▸ **What you will do**
Leaving out the images, repeat all the lines below exactly.

▸ **Source data**
>>

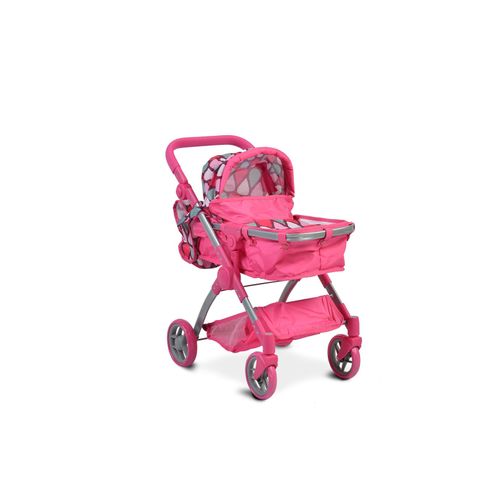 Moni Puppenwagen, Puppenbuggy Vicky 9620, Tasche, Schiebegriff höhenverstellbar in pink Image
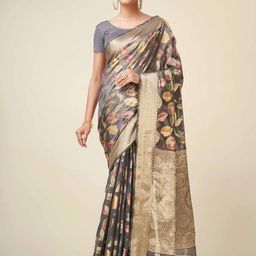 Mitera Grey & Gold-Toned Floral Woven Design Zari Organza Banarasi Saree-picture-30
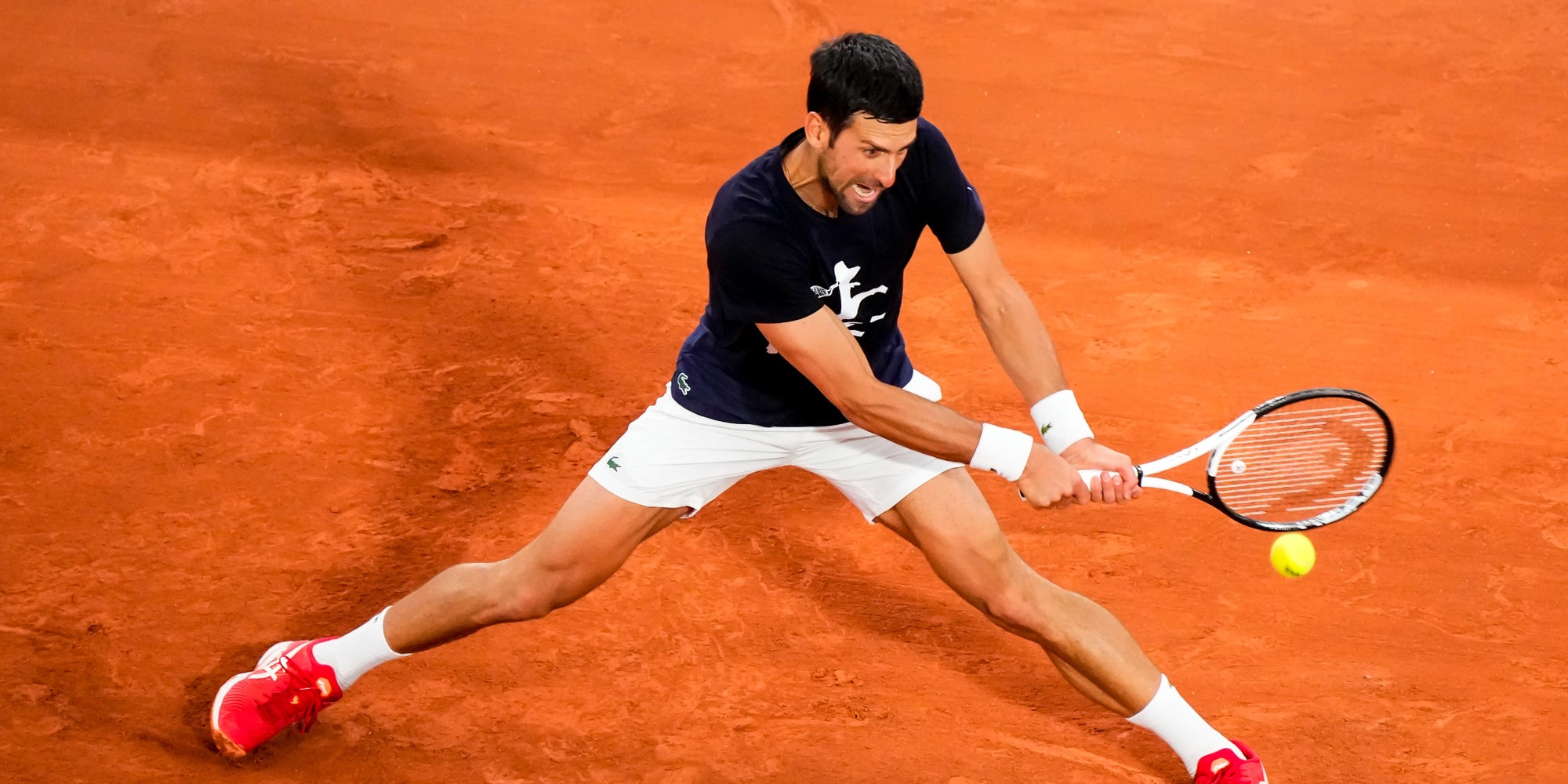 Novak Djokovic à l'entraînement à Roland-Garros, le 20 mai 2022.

<<

▸ **Task result**
 Moni Puppenwagen, Puppenbuggy Vicky 9620, Tasche, Schiebegriff höhenverstellbar in pink Image
 Mitera Grey & Gold-Toned Floral Woven Design Zari Organza Banarasi Saree-picture-30
 Novak Djokovic à l'entraînement à Roland-Garros, le 20 mai 2022.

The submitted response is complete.